The “Make It Happen” Attitude
In many defense and government environments, a “make it happen” mindset is celebrated—it reflects commitment, adaptability, and perseverance under pressure. But when it comes to security, that attitude can quietly become counterproductive. When teams push to deliver results at any cost, they often bypass safeguards, skip validation, or accept unverified configurations in the name of mission urgency. What starts as dedication to success can end as a self-inflicted vulnerability. The intent is noble, but the outcome is often fragile systems built on improvisation rather than assurance.
“In security operations, discipline beats improvisation — every time.”
Security Protects the Mission — Not Just the Data
Security is more than firewalls, passwords, or sweep checklists — it’s the foundation of mission assurance. Every safeguard exists to preserve our ability to plan, decide, and act without interference. When security fails, the mission itself is compromised.
The “Just Make It Work” Mentality
Operational urgency often pushes teams to bypass security in the name of progress. But when we rush to “just make it work,” we may trade reliability for speed—and build fragility into the mission. A system that works today but is compromised tomorrow doesn’t advance the mission; it endangers it.
“If you cut security to save the mission today, you may lose both tomorrow.”

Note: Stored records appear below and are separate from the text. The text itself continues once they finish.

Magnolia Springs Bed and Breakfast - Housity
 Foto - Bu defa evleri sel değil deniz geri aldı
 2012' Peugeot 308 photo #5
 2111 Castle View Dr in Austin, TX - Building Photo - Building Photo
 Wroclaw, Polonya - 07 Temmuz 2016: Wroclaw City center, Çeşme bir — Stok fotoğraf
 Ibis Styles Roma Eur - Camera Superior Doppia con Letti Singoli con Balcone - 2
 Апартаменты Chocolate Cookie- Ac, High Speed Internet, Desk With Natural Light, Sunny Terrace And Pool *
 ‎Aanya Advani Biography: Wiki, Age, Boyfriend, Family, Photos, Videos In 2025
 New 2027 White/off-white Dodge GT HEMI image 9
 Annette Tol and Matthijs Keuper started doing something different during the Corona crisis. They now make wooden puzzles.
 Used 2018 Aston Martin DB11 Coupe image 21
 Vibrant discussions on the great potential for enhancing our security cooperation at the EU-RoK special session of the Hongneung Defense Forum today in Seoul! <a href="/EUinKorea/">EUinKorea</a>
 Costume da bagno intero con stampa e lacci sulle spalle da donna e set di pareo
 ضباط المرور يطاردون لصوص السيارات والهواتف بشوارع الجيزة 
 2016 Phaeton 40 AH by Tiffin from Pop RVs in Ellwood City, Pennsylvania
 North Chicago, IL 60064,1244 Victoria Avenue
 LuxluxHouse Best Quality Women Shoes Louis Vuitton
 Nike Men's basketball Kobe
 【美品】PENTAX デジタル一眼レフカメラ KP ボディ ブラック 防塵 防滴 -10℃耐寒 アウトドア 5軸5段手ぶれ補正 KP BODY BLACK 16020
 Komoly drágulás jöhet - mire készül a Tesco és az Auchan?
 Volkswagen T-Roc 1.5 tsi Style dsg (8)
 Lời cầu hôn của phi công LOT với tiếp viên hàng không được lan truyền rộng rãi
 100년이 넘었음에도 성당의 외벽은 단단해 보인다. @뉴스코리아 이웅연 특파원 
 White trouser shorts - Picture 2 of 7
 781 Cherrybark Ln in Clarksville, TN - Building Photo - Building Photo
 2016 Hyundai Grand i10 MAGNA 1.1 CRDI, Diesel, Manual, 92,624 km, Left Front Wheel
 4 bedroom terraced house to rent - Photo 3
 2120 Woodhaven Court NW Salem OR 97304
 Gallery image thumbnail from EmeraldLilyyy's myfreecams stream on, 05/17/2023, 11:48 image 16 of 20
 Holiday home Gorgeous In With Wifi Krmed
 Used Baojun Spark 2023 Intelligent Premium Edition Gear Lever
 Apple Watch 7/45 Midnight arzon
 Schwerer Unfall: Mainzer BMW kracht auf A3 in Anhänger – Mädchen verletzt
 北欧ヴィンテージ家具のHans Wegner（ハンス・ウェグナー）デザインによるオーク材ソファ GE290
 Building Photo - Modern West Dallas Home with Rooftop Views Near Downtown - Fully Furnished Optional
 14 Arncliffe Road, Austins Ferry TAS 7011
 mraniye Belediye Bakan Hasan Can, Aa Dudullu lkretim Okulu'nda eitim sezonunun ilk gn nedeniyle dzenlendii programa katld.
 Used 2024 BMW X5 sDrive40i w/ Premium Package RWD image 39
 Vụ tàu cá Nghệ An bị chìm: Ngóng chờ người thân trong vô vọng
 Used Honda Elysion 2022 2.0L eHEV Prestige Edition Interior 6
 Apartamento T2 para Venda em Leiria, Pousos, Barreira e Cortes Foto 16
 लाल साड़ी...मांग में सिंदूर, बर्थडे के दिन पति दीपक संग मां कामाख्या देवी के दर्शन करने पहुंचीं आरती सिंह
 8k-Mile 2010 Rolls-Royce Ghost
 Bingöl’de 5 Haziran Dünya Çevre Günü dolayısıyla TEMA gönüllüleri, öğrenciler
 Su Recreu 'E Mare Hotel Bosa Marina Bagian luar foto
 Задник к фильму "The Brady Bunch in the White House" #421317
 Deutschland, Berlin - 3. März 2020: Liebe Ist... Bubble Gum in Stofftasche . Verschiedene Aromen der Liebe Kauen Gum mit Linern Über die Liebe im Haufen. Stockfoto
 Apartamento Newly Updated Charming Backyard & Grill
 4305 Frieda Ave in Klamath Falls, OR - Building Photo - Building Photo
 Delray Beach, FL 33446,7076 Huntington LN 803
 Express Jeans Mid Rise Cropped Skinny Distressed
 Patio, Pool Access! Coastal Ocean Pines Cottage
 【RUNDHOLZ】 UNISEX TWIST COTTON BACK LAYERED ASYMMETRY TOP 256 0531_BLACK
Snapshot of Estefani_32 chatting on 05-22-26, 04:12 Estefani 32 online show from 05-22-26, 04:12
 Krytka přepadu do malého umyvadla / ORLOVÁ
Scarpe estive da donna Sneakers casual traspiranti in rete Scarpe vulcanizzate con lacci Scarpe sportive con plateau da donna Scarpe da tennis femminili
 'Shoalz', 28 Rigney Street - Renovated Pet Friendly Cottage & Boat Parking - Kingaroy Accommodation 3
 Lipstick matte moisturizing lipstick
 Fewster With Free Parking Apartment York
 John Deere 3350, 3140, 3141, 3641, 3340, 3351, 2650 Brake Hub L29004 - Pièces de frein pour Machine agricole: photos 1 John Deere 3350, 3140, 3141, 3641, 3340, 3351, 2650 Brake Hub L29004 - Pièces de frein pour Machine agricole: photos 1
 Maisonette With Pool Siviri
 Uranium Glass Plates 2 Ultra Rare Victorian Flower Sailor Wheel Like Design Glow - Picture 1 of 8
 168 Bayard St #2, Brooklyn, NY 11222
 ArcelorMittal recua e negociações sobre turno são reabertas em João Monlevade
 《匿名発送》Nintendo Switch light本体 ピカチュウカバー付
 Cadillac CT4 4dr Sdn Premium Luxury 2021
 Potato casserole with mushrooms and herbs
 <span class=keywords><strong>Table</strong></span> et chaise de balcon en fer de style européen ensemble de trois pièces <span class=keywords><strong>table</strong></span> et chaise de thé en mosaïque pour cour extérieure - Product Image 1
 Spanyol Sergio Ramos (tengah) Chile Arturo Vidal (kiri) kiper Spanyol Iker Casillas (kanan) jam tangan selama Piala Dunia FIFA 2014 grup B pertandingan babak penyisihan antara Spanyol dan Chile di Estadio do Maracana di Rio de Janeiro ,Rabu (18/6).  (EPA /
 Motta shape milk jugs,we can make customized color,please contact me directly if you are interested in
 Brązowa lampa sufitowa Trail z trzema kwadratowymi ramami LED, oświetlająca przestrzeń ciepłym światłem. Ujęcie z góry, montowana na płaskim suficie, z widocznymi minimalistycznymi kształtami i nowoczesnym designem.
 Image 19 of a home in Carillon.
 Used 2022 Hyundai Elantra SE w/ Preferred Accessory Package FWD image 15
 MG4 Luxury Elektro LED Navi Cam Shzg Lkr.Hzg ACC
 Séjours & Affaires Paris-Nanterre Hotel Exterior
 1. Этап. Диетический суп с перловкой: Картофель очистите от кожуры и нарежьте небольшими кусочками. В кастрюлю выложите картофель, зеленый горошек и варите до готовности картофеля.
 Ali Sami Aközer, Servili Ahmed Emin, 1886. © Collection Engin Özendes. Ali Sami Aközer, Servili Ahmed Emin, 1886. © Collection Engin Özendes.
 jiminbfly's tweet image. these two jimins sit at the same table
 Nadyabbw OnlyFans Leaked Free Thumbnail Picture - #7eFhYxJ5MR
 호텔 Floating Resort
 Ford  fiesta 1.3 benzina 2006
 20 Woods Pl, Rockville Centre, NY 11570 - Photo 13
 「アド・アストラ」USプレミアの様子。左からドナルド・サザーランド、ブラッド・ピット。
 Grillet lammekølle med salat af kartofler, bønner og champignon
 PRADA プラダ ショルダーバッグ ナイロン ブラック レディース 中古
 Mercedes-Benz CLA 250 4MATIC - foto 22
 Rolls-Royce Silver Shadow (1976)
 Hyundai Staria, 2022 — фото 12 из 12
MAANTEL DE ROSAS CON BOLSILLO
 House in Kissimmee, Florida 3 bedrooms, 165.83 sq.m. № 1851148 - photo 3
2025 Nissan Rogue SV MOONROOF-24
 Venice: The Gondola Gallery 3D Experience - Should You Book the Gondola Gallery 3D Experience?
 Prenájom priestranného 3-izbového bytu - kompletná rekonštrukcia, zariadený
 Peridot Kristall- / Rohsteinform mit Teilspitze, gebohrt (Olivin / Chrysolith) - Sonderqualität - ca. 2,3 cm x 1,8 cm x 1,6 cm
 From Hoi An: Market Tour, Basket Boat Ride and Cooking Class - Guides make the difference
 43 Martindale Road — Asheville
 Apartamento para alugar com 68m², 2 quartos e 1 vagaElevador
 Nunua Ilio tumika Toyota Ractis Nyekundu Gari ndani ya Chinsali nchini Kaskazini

The “Do More with Less” Trap
Efficiency is important — but security on a shoestring isn’t efficiency; it's a risk. When teams are asked to “do more with less,” they often end up accepting higher exposure without realizing it. Under-resourced security forces organizations into reactive mode — responding to failures instead of preventing them.
“Every shortcut taken now becomes a vulnerability discovered later.”
Re-Centering the Focus
Remember:
- Security isn’t a cost center — it’s an enabler of mission continuity.
- Protecting data is necessary, but protecting capability is essential.
- True security ensures that, even under stress, the mission continues to function, communicate, and adapt.
“Protect the mission, not just the data.”
Case Studies: When “Just Make It Work” Fails the Mission
These examples show how pressure for speed or savings can quietly erode security — and ultimately compromise the mission itself.
OPM Breach (2015) — Shortcuts in the Name of Continuity
The U.S. Office of Personnel Management prioritized uptime and legacy system compatibility over modernization. When Chinese actors exfiltrated background-check data on 21 million people, the fallout compromised federal personnel visibility and CI operations.
The “Just keeping it running” mindset cost the government its personnel trust backbone.
Colonial Pipeline (2021) — Efficiency Over Resilience
A single compromised password led to ransomware shutting down fuel deliveries across the East Coast. Years of deferred investment in network segmentation and incident response planning amplified the impact.
One password halted a mission that supplied half the nation’s fuel.
NASA JPL (2019) — Under-Resourced Security
A low-cost, unmanaged device on an internal network went undetected for months, allowing mission data to be stolen. Resource constraints and the pressure to stay on schedule left critical systems under-monitored.
The “Do more with less” philosophy left a hole big enough for an intruder to slip through.
USS Fitzgerald (2017) — Operational Tempo Without Readiness
Crew fatigue, undermanning, and ignored system alerts contributed to a fatal collision. Investigators cited an ingrained “get it done” culture that replaced discipline with haste.
When readiness is sacrificed for output, even the most capable systems fail.
Marriott / Starwood (2018) — Business Continuity vs. Assurance
A compromised reservation database inherited during acquisition remained online to “avoid disruption.” Four years later, 500 million guest records were exposed.
Integrating before verifying turned a business priority into a global breach.
Key Takeaway
Every shortcut that saves time today steals resilience from tomorrow. Security is not an obstacle — it’s the safeguard that keeps the mission alive when everything else goes wrong.